By Yoruk Bahceli
(Reuters) -U.S. leveraged loan prices have surged to their highest levels since 2007 as investors snap up assets that will offer compensation while central banks start hiking interest rates.
Leveraged loans are often taken out by companies with high levels of debt, usually with non-investment grade credit ratings, and are often used by private equity firms to fund their acquisitions of these companies.
Unlike bonds, they pay a floating interest rate, which rises as underlying interest rates rise, making them attractive to investors at a time when central banks embark upon rate hikes.
The U.S. Federal Reserve is expected to deliver a rate hike as soon as March to combat inflation at a 40-year high and markets are pricing in another three hikes by the end of the year.
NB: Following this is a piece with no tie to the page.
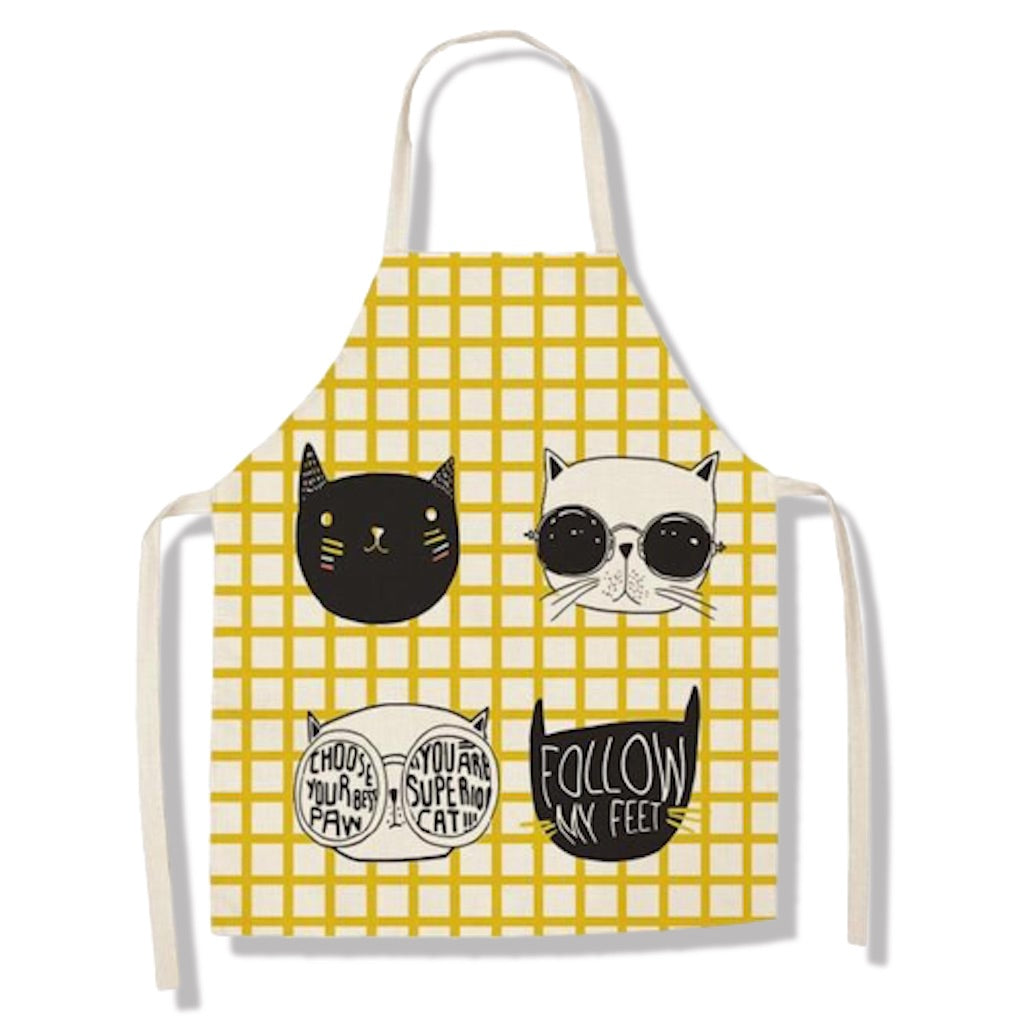 tablier de cuisine kitchen apron lin coton motif chat squared cats taille adulte et enfant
That has heightened demand for assets that pay out as rates rise, sending the price of the S&P/LSTA Leveraged Loan Index to its highest levels since July 2007 at 99.066 at Wednesday's close, according to data from Refinitiv and S&P Global's Leveraged Commentary and Data.
"There is the expectation of rate increases, which inevitably pushes more retail money into the asset class," said Neha Khoda, credit strategist at BofA in New York.
"Given the selloff we've seen in the rates market, that's been prompting increased retail inflows into U.S. loan mutual funds."
Loan funds saw the highest inflows since 2013 at $1.84 billion for the week ending on January 12, according to Refinitiv Lipper data.
Government bond prices have tumbled and yields have surged over the last month as markets have ramped up rate hike bets.
Analysts also expect new leveraged loan issuance to slow slightly this year after a record year in 2021, a factor also expected to provide technical suppport to prices.
The rally in leveraged loans contrasts with U.S. high yield bonds - often sold by similar companies - which are down around 1% this year, according to BofA. High yield debt pays fixed coupons so is more vulnerable to rising rates.
Leveraged loans have outperformed junk bonds - often issued by similar borrowers - on an annual basis in only eight of the past 26 years and some of those years involved some level of Fed policy tightening, according to research firm CreditSights.
After peaking in 2007, leveraged loan prices slumped sharply at the onset of the financial crisis.
A subsequent era of low interest sent investors chasing higher yield assets in recent years, leading eventually to a surge in demand for leveraged assets and deterioration in protections known as covenants that give lenders additional control over what borrowers can and cannot do.
"The point to understand about the loan market is that it's not the same market as it was pre-GFC (global financial crisis)," Khoda said. "The documentation is worse, rating quality is worse, the issuer composition is worse."